Il y a vingt ans, les deux tours du World Trade Center s’effondraient sous l’assaut de terroristes islamistes. Le général de division (2s) Vincent Desportes analyse, au micro de Boulevard Voltaire, l’importance historique de cet attentat et l’évolution de la place des États-Unis sur la scène internationale.

 

Il y a vingt ans, l’Amérique a tremblé et vu les deux tours du World Trade Center s’effondrer sous l’assaut de terroristes islamistes. Vous aviez écrit deux ouvrages, Le Piège américain : pourquoi les États-Unis peuvent perdre les guerres d’aujourd’hui et L’Amérique en armes.
Ce jour-là, l’Amérique a-t-elle compris qu’elle n’était pas toute-puissante ?

C’est la première fois que la guerre a été portée sur son territoire national. Toutes les autres guerres ont été conduites à l’extérieur, à part la guerre civile qui est une guerre interne. C’est la première fois que les Américains ont vu les effets de la guerre sur leur propre sol. Cette date est aussi très importante parce qu’elle va clore une période très courte, entre la chute du mur et la chute des tours. Cette période est la période de l’illusion de la toute-puissance américaine et l’illusion de nos valeurs de démocratie et de liberté voulues par tout le monde. Cette période charnière est très intéressante, celle où, effectivement, l’Amérique va perdre son illusion d’être une puissance intouchable.

  

Lorsqu’on regarde l’Histoire américaine, il y a d’abord une opposition avec l’Angleterre puis avec le Mexique dans une moindre mesure, avec l’Allemagne nazie, avec l’URSS et, maintenant, le terrorisme international. C’est comme si les Américains avaient toujours eu besoin d’une espèce d’ennemi de l’extérieur qui nécessite la mobilisation de la population contre cet ennemi de l’extérieur pour préserver l’intérieur. Cet aspect fait-il partie de l’identité américaine ?

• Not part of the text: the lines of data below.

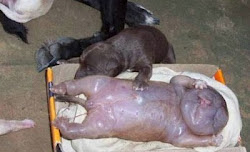 FIM DE MUNDO CACHORRA DEU CRIA  DE FETO HUMANO EM SERGIPE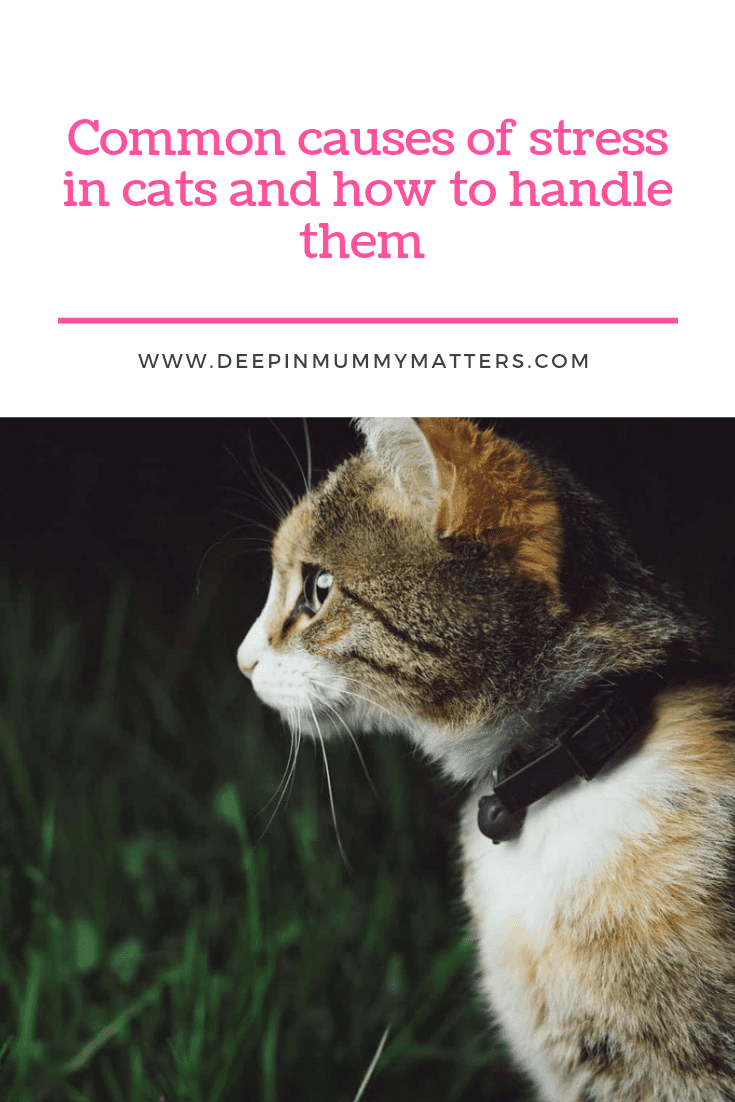 Common Causes Of Stress In Cats And How To Handle Them 1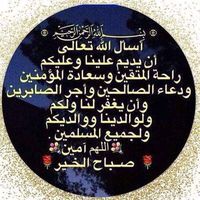 Amr Salam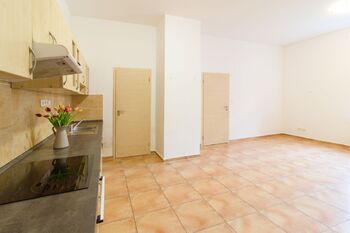 Pronájem bytu 1+1 v osobním vlastnictví 50 m², Malšice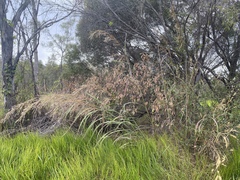 Andropogon gayanus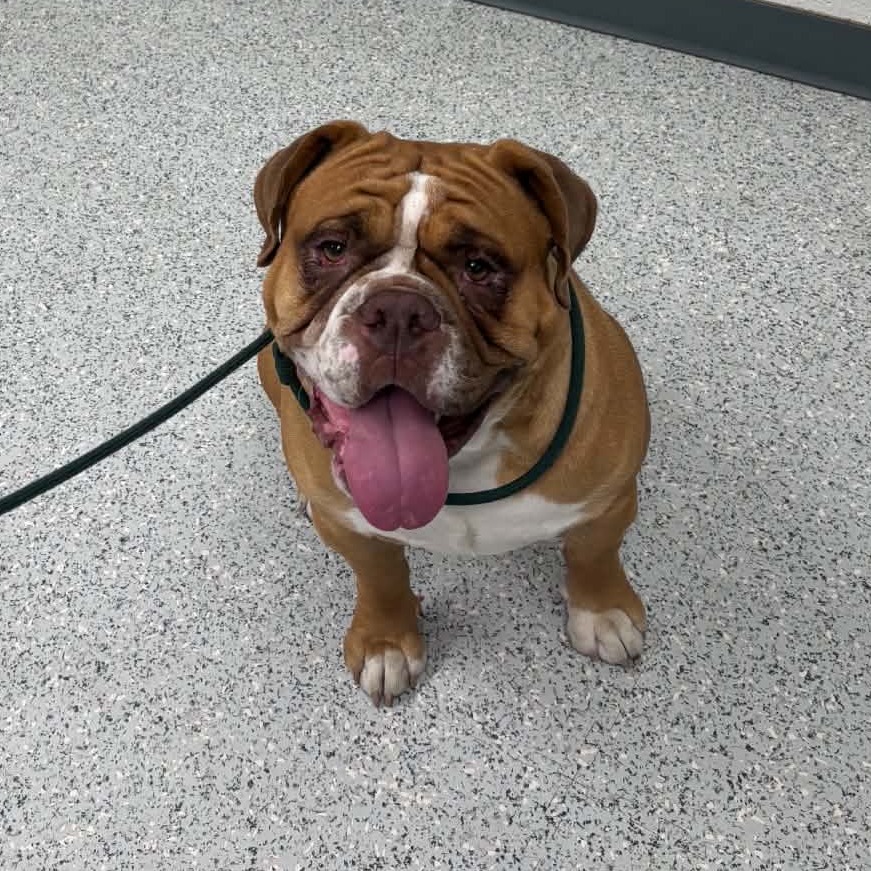 Shelter Stray Male Dog last seen , 5801 Graye Ln, Caldwell, ID 83607, USA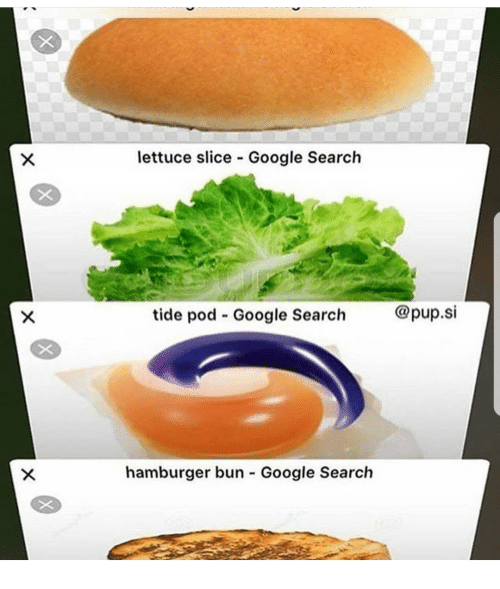 lettuce slice Google Search tide pod - Google Search @pup.si hamburger bun Google Search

Effectivement, l’Amérique est pratiquement toujours en guerre, à quelques exceptions près, depuis que les États-Unis ont été créés. On peut penser que les États-Unis sont une nation belliqueuse. Le sont-ils par nature ? L’Amérique s’est construite dans la violence et dans une lutte à mort contre les Français au départ, contre les Britanniques et contre les Indiens. Les Américains ont toujours conduit des guerres totales, contre la guerre elle-même en 1919, puis contre le mal absolu qu’était le Troisième Reich.

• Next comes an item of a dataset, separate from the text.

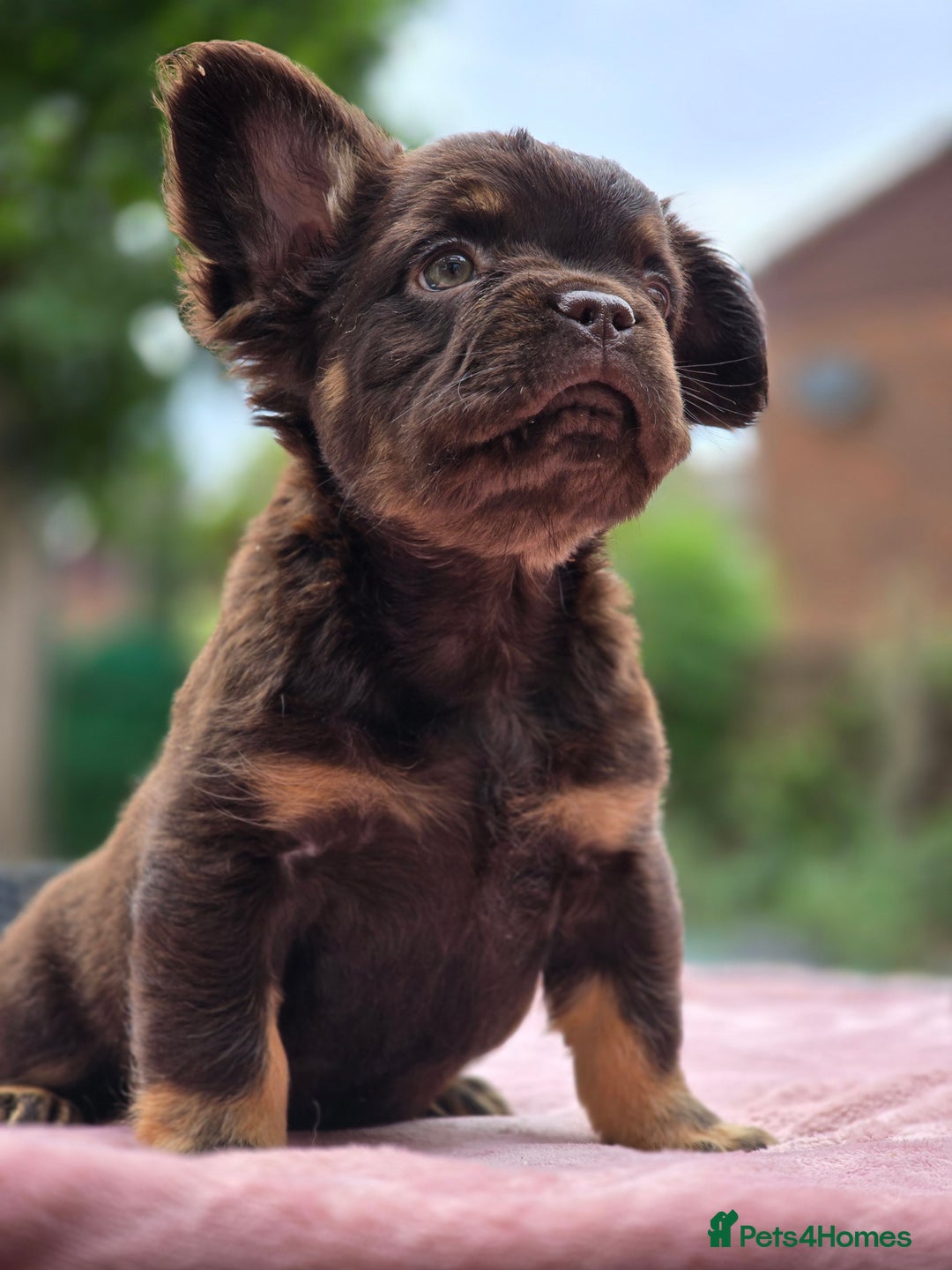 French Bulldog dogs for sale: Fluffy french bulldogs carrying Pink - Image 26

On a l’impression, aujourd’hui, que l’Amérique a besoin de ce conflit qui monte contre la Chine.

C’est là que notre vision du monde, à nous Européens, n’est pas la vision américaine. Le secrétaire d’État à la Défense américain a rappelé, en juin dernier, à l’OTAN, à Bruxelles, que l’OTAN devait se concentrer sur la guerre contre la Chine. Je pense que nous devons savoir dire non et dire que ce n’est pas notre vision du monde. Une nouvelle fois, l’Amérique a perdu de manière quasiment honteuse sa guerre contre les talibans. Nous devons faire extrêmement attention à cet allié qui peut être aussi bien dangereux que bienfaisant.

 

Vingt ans après le 11 septembre, les États-Unis se retirent d’Afghanistan. Cela marque-t-il un déclin de l’influence américaine ?

Cela ne marque pas le coup d’arrêt. La fin de cette vocation était en germe depuis longtemps. Le président Obama était déjà dans ce mood-là. Le président Bush avait, lui, relancé les guerres. C’était en gestation. Il est effectivement probable que les Américains sont définitivement fatigués de la guerre.

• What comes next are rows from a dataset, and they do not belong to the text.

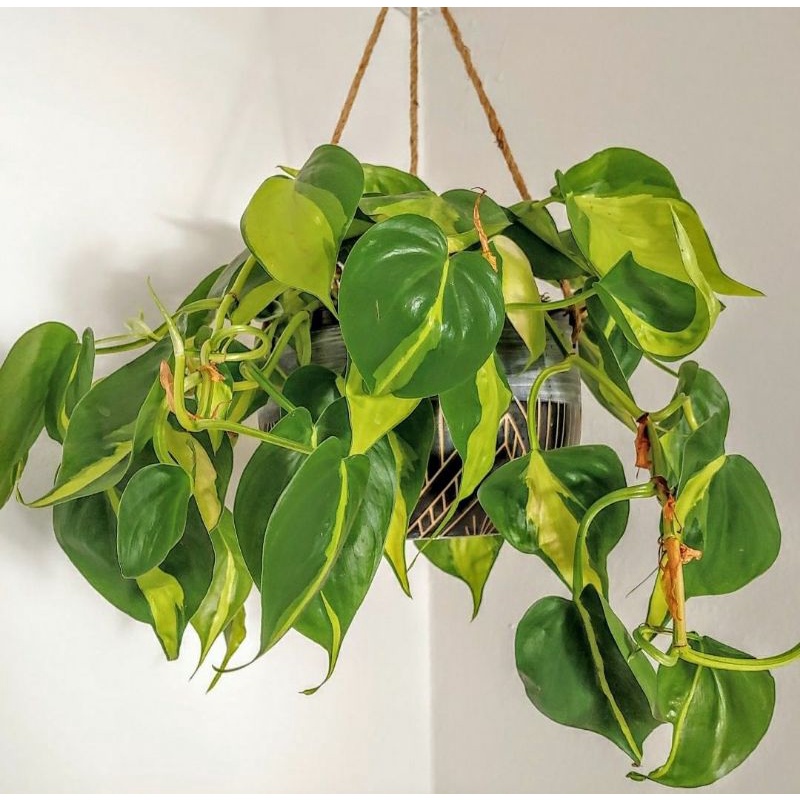 epipremnum brazil / sirih brazil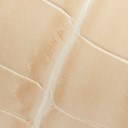 Eggshell Croco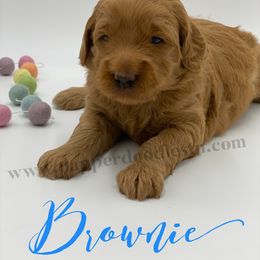 Goldendoodle Puppies from Dapper Doodles of Tennessee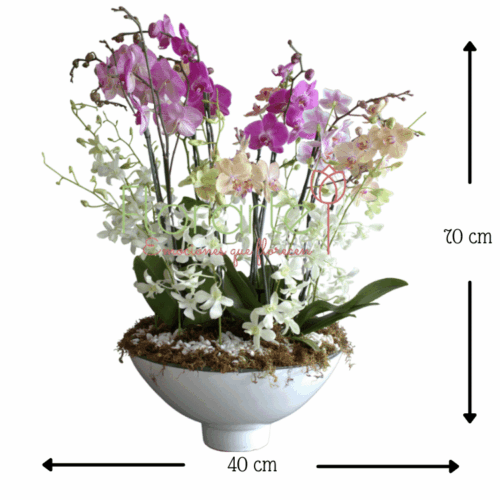 Envía flores a la CDMX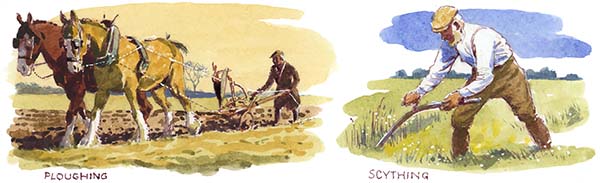 Ploughing by horse and scything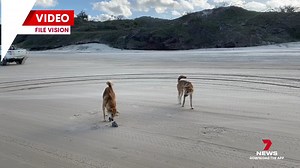 A dingo has been euthanased after attacking a nine-year-old boy on K'gari last week. Authorities say the incident could have been avoided, if beachgoers heeded the dingo safety message. 7NEWS at 6pm. 📱Download the 7NEWS app: 7news.link/7newsapp #7NEWS | 7NEWS Wide Bay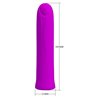 Curtis Bullet Vibrator USB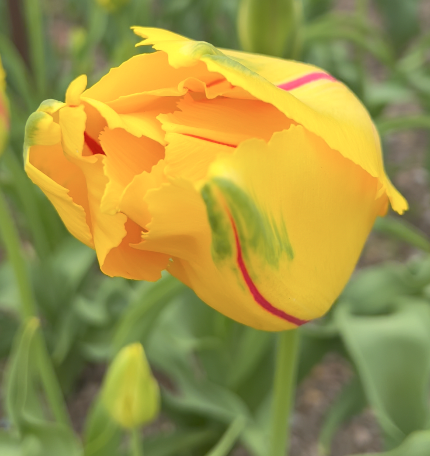 Sunday Morning Garden Chat:  Tulip Typing 11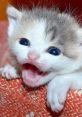 Best Of Cute Kittens Meowing Compilation 2018 || NEW Play and download Best Of Cute Kittens Meowing Compilation 2018 || NEW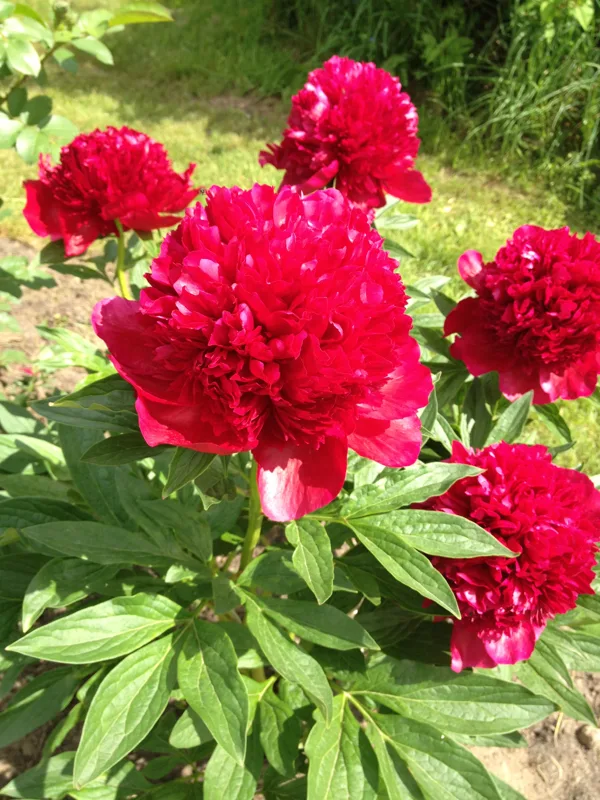 Paeonia ‘Red Charm’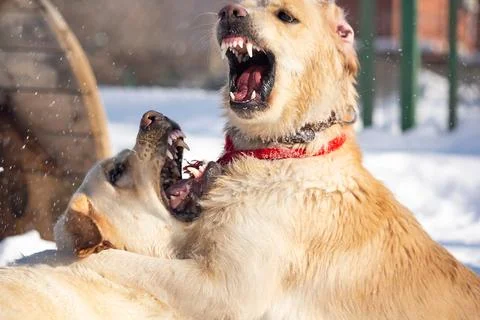 Joyful Winter Playtime 스톡 사진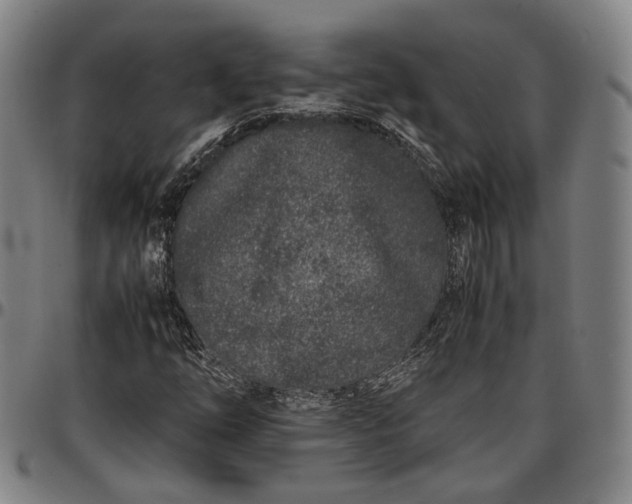 X0000096671254200802191322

Il n’a échappé à personne que les États-Unis ont perdu toutes leurs guerres depuis 1945. Pour aller faire la guerre, il faut des alliés. Je pense qu’ils auront de plus en plus de mal à en avoir puisqu’ils ont abandonné leurs alliés, qu’ils soient vietnamiens, irakiens ou afghans. Ils n’ont pas tenu leur parole. Un véritable problème pour les États-Unis, mais pour l’Occident, puisque les États-Unis sont nos alliés quoi qu’il arrive, c’est la démonétisation de la parole américaine qui risque d’entraîner des troubles très importants dans le monde entier.